Quanto mais idiota melhor: a política criminal do açoite

A "solução" de Peter Moskos para o hiperencarceramento

No artigo passado, fiz alguns comentários críticos acerca da famigerada “criminologia do satanismo”[1], de Cláudia Borato – esta pérola do apedeutismo criminológico brasileiro. Para que não se alegue, por puro complexo de vira-lata, que a idiotice é monopólio dos que se encontram abaixo da linha do equador, estejamos certos: vira e mexe, ela se manifesta em todas as latitudes. Para demonstrá-lo, vejamos algo que vem sendo defendido por uma voz dissonante dos Estados Unidos: uma proposta inusitada de política criminal para combater o hiperencarceramento.

Do Brasil à China, da Rússia aos Estados Unidos, o hiperencarceramento é a expressão mais nítida da falência do sistema prisional, de sorte que, especialmente nesses países, é imprescindível pensar políticas públicas que venham a contribuir para uma redução substancial dos índices de encarceramento. Isto posto, é evidente que o autor assume um objetivo legítimo, mas a ênfase no pensar, na reflexão crítica e bem fundamentada é incontornável, pois é o fundamento de que depende a efetividade do intento. Afinal, convém lembrar que “o inferno é pavimentado de boas intenções”[2].

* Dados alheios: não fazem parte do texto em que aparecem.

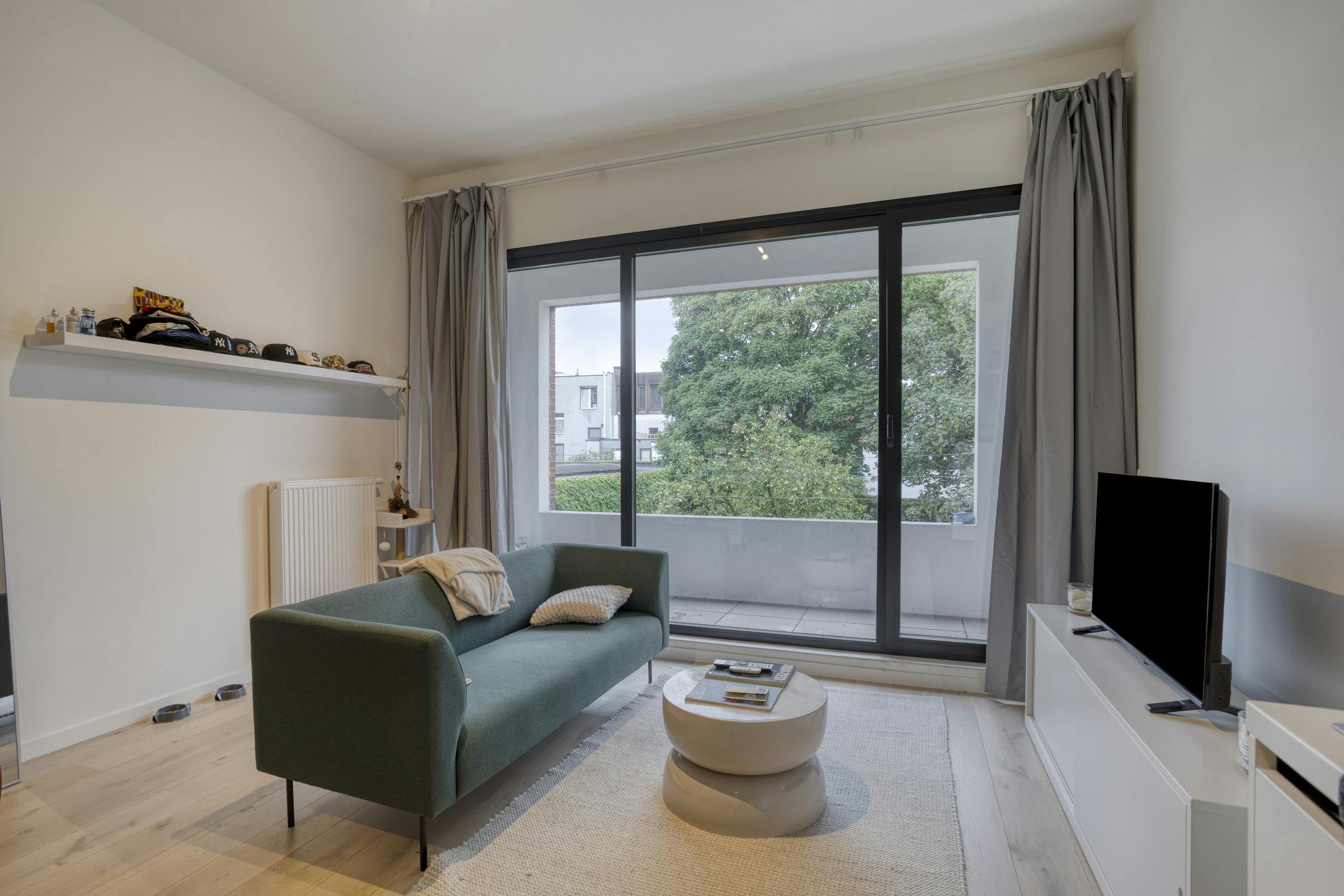 Gerenoveerde studio met terras te koop in Antwerpen foto {{pictureIndex}}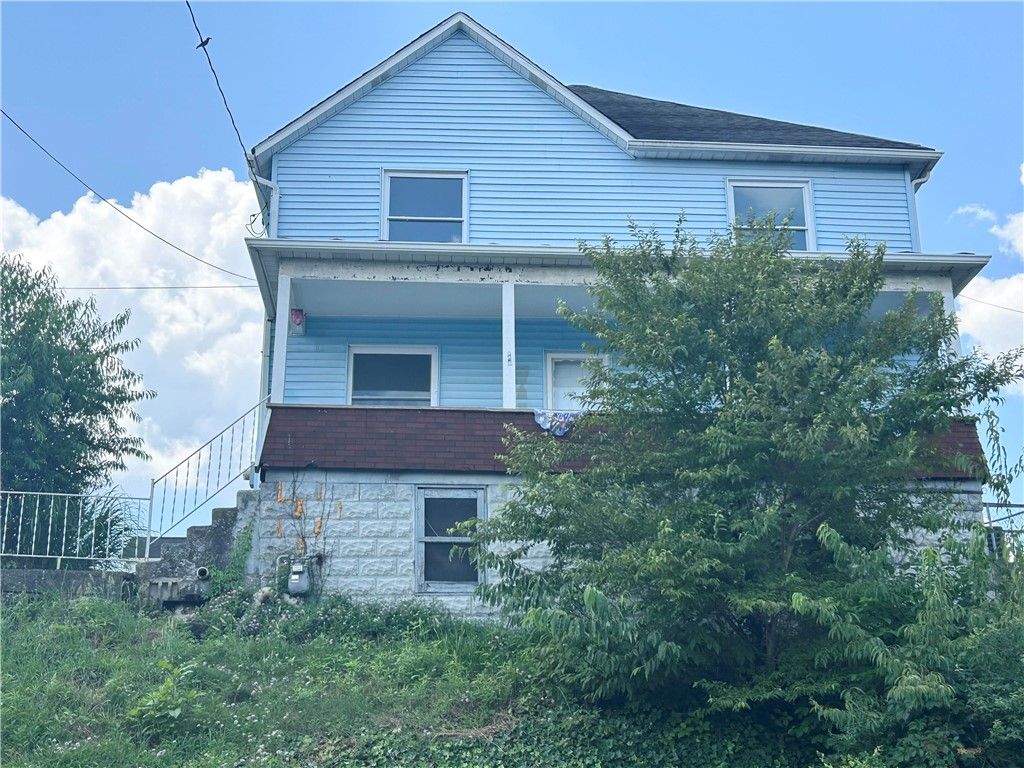 403 Lowell Street, Vandergrift, PA 15690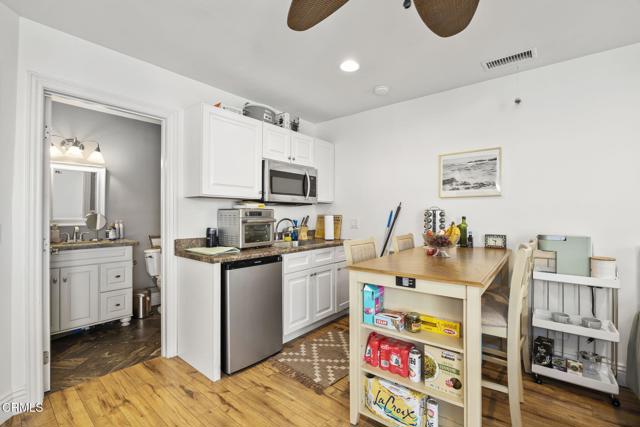 168 S Palm Street, Ventura CA: https://media.crmls.org/mediaz/f0ec784b-f123-4338-aa64-bee63b88a028.jpg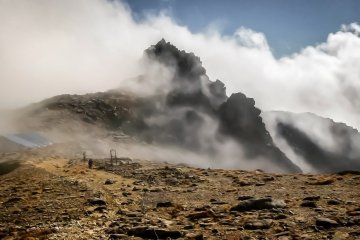 Anda akan menemukan beberapa puncak yang sebagian atau keseluruhannya ditutupi oleh awan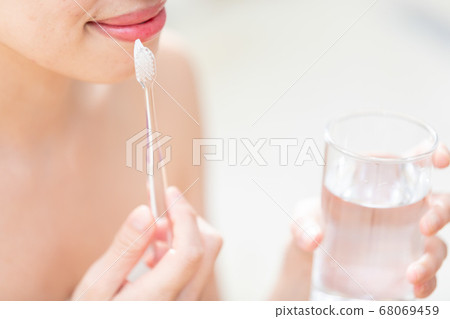 Beauty image 68069459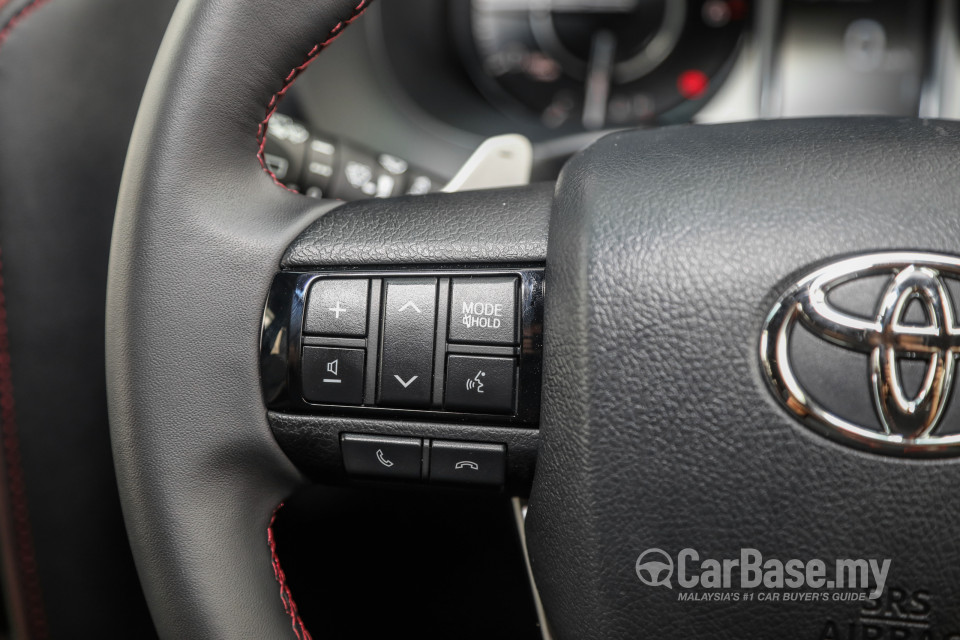 Toyota Fortuner GUN156 Facelift (2021) Interior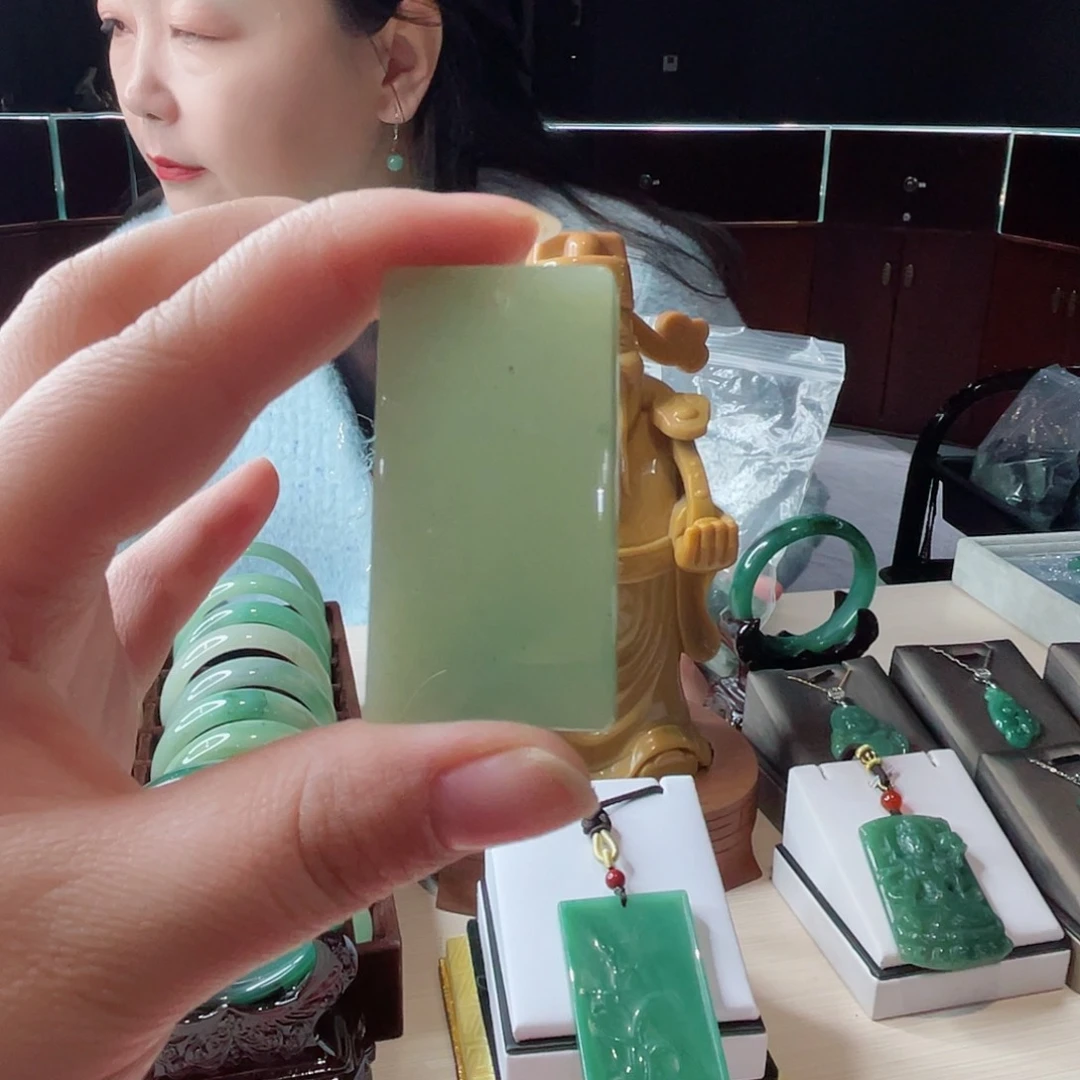 密玉（石英质玉）吊坠未镶嵌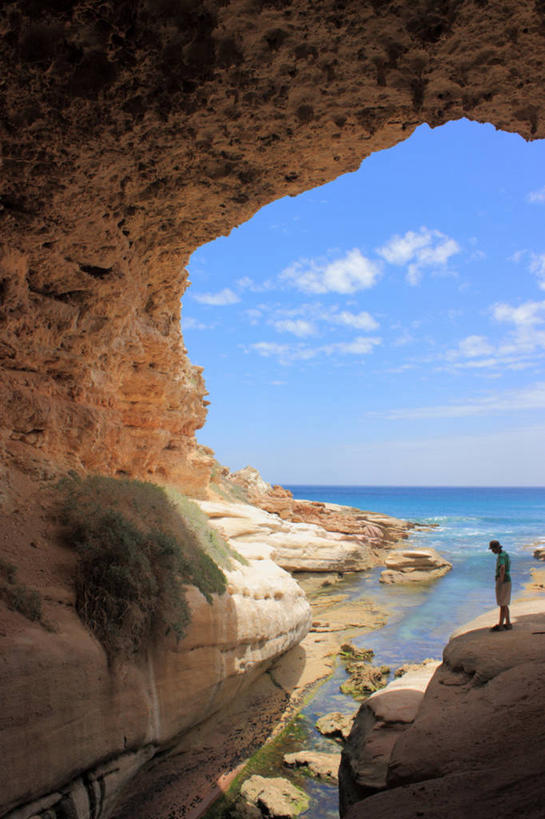 一个人,竖图,室外,白天,旅游,海洋,澳大利亚,水平线,风景,摄影,洞穴,岩层,南澳大利亚,岩石,彩图,独处,河口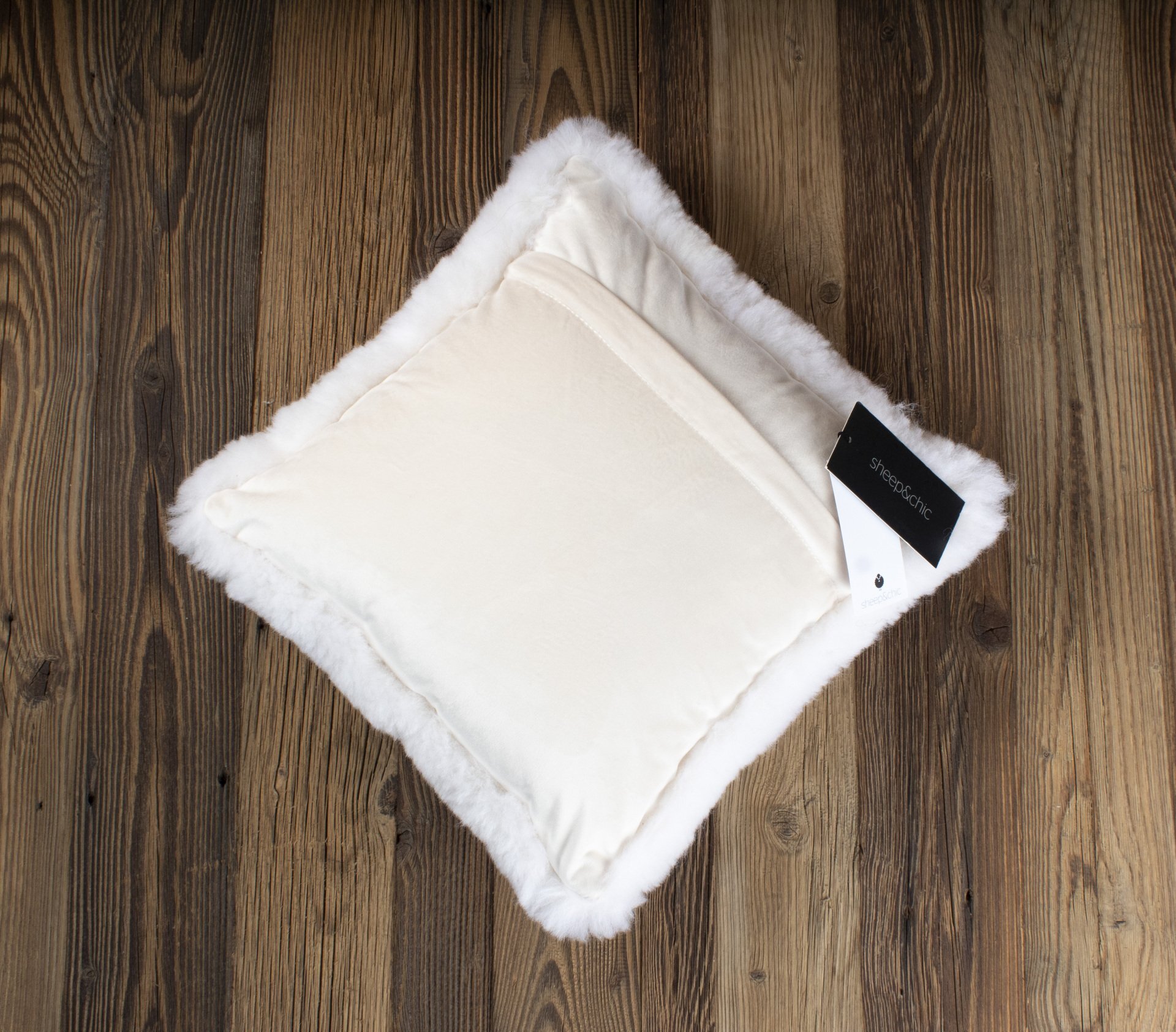 ShortWool Cushion ‘white’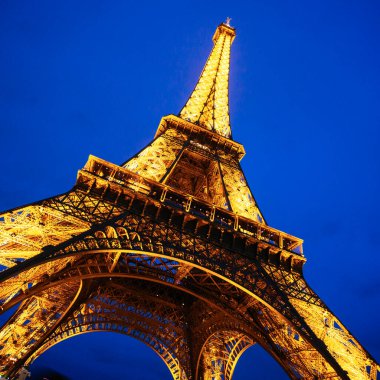 PARIS - 30 Eylül 2016: Akşam karanlığında Eyfel Kulesi 'ni aydınlatma. Kule Fransa 'nın en çok ziyaret edilen simgesidir..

Desta vez, como em outras tantas, o tiro saiu pela culatra. Peter Moskos, ex-policial e atual professor da John Jay College of Criminal Justice (Departamento de Direito, Ciência Política e Administração da Justiça Criminal) e do CUNY Graduate Center (Departamento de Sociologia), é responsável pela introdução daquele que talvez seja o debate político-criminal mais estapafúrdio de todos os tempos. E ninguém melhor que ele mesmo para anunciar sua fórmula mágica do desencarceramento[3]:

Há 2.3 milhões de americanos na prisão. Isto é demais. Quero reduzir a crueldade, e açoitar pode ser a resposta. Minha aposta inicial é simples: se você pudesse escolher entre cinco anos de prisão ou cinco chicotadas brutais, qual você escolheria?

Parem as prensas! O gênio saiu da lâmpada e fez do mundo a sua morada. Quem poderia imaginar que a solução para os nossos problemas estaria lá, onde mais ninguém foi capaz de ver: no retorno às penas corporais. Finalmente nós, brasileiros, poderemos nos orgulhar de alguma coisa em matéria político-criminal: nosso Código Criminal de 1830, onde já se achava a pena de açoitamento, é vestígio histórico da política penal do futuro. O único inconveniente é que teremos de ressignificar a obra de Debret, que, de crítico implacável do escravismo, terá de ser convertido em apóstolo da chibata.

Pode-se imaginar o encantamento do autor quando, ainda policial, entre uma rosquinha e uma caneca de café, ouviu algum colega enunciar um trolley problem:

O trenzinho vem vindo, seguindo o seu curso natural. No caminho há uma bifurcação: do lado esquerdo, uma pessoa está amarrada aos trilhos; do lado direito, são cinco as pessoas amarradas. Não é possível parar o trem, que, tudo mais constante, fará cinco vítimas. Entretanto, você, e só você, pode acionar uma alavanca e desviá-lo para a esquerda, o que implica matar um único sujeito. Eis a questão: agir para salvar cinco vidas ou se omitir, deixando que o trem mate a pessoa.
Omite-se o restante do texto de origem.